Always remember this young lad and you'll do fine in the CF!!


----------



## Fotoshark (1 Jul 2010)

Northern Ranger said:
			
		

> No offence but if you need to pipe in and agree with a 4km over the limit ticket, you would probally make fine MP. ;D



Thanks, ironically applying for MP  lol

- T.


----------



## Pusser (1 Jul 2010)

The biggest problem with the Military Police, with respect to their relationship with the rest of the CF, is with those that seem to think of themselves as police and not soldiers.  In fact, some leadership in the past instilled this in their psyche to the point where some of them no longer believe being a soldier was important.  This has led to some problems.  Fortunately, with the Afghanistan experience, the tactical military function of military police has come back to the fore and this seems to be changing.

Although military police work has similarities with what civilian police do, there are also some significant differences.  Be sure you understand those before you decide which route you want to go.  If all you want to do is be a cop, join the RCMP.


----------



## Fotoshark (2 Jul 2010)

Pusser said:
			
		

> The biggest problem with the Military Police, with respect to their relationship with the rest of the CF, is with those that seem to think of themselves as police and not soldiers.  In fact, some leadership in the past instilled this in their psyche to the point where some of them no longer believe being a soldier was important.  This has led to some problems.  Fortunately, with the Afghanistan experience, the tactical military function of military police has come back to the fore and this seems to be changing.
> 
> Although military police work has similarities with what civilian police do, there are also some significant differences.  Be sure you understand those before you decide which route you want to go.  If all you want to do is be a cop, join the RCMP.
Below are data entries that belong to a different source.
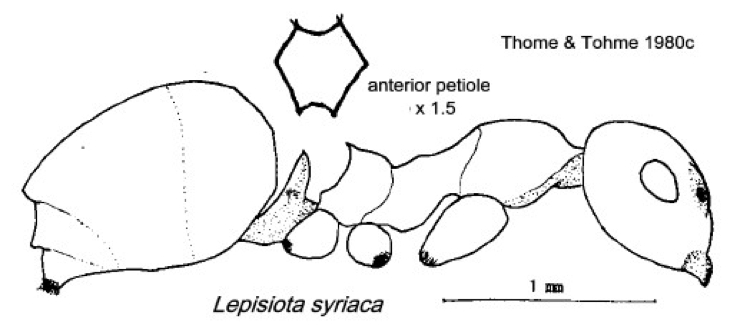 {Lepisiota syriaca}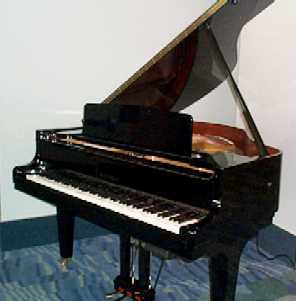 Kawai495.jpg (9831 bytes)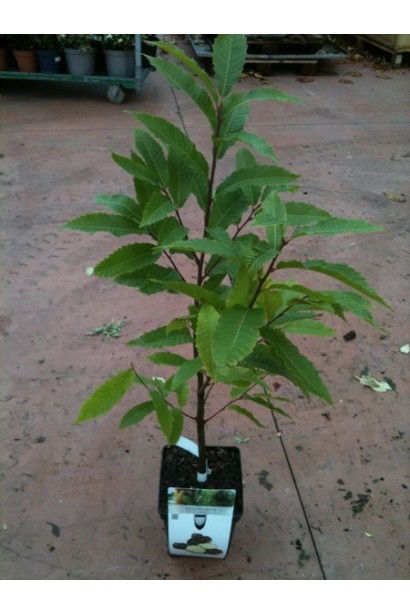 Каштан съедобный саженец Р9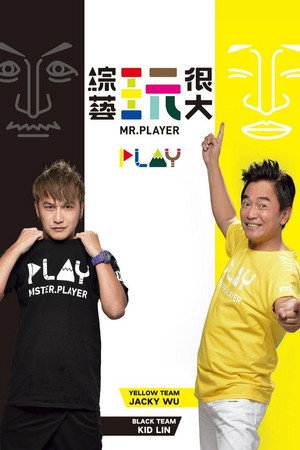Poster for Мистер Игрок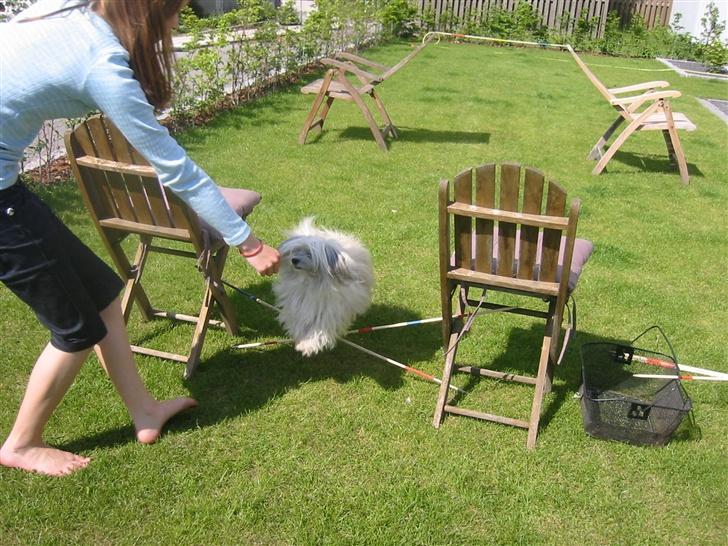 Bichon havanais Smilla - jeg kommer, jeg kommer! hun har faktsik sprunget 30 cm engang :B men hun er vores "dressur" hun som jeg træner "kliK" med :B 2007 billede 5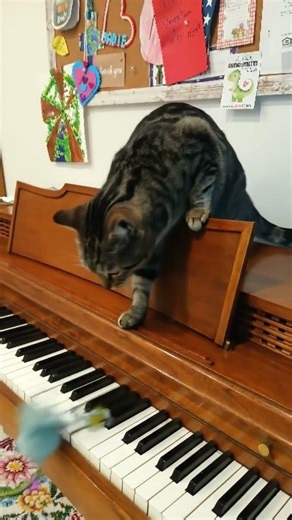 can your cat play piano? 🎹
Very well put.  I would be under the impression that if one were to apply to be a military police officer they're still considered a soldier, if they were not they would not be in the military they'd be a regular PO or RCMP   
Basically the way I see it, is if you're wearin camo you're a soldier regardless of trade. 

- T.


----------



## Loachman (2 Jul 2010)

Fotoshark said:
			
		

> if you're wearin camo you're a soldier regardless of trade.



Or an airman/airwoman or sometimes a sailor.


----------



## Fotoshark (3 Jul 2010)

Loachman said:
			
		

> Or an airman/airwoman or sometimes a sailor.



lol I just generalize and consider every aspect of the military the same (obviously with limitations as to each difference if we're goin into specifics).  Aka a military uniform implies you're serving your country in the military.  Not as a city/provincial police officer.


----------



## time expired (3 Jul 2010)

Oh Meathead ,oh Meathead  if you were a man

you would take down your armband and go to Pusan

where the whizbangs are flying and comfort are few

and good men are dying for bast§%ds like you.

I think that this anti MP thing is traditional and is part of the frontline pigs view of all REMF,s and is

rooted in the WW2, Korean war attitudes ,where front  soldiers felt they were being preyed upon

by the MPs when in the rear.

My generation,the "Staving off the Commie hordes in the foreign lands" gang, had a lot of respect 

for our Meatheads,after all they were all 6 foot tall and carried no guns or clubs, they were free with

their fists but also always gave you a break if you showed even the slightest desire to cooperate.

The destruction of the C Pro C and formation of the MP Branch  seemed to me to change them 

completely, they reminded me of a shorter version of the US Army MPs and the limited  experience

I had with them impressed me not at all. Another thing that I noticed was a change of attitude,

the whole world consisted of MPs and potential perps,the attitude one finds in big city police forces.

                                                  Regards


----------



## CorporalMajor (10 Jul 2010)

I'm a junior NCO with only four years in. 

The perception among my peers is that MPs are only there to ruin their fun, make things more difficult on their already "tough" lives  : by enforcing speeding laws, noise laws (i.e. DOING THEIR JOB) and otherwise.   Once they grow up some,  they will realize that rules put in place & enforced for a reason.   I haven't heard of someone getting injured in a speeding incident on base, and I appreciate my peace and quiet, so good job MPs.  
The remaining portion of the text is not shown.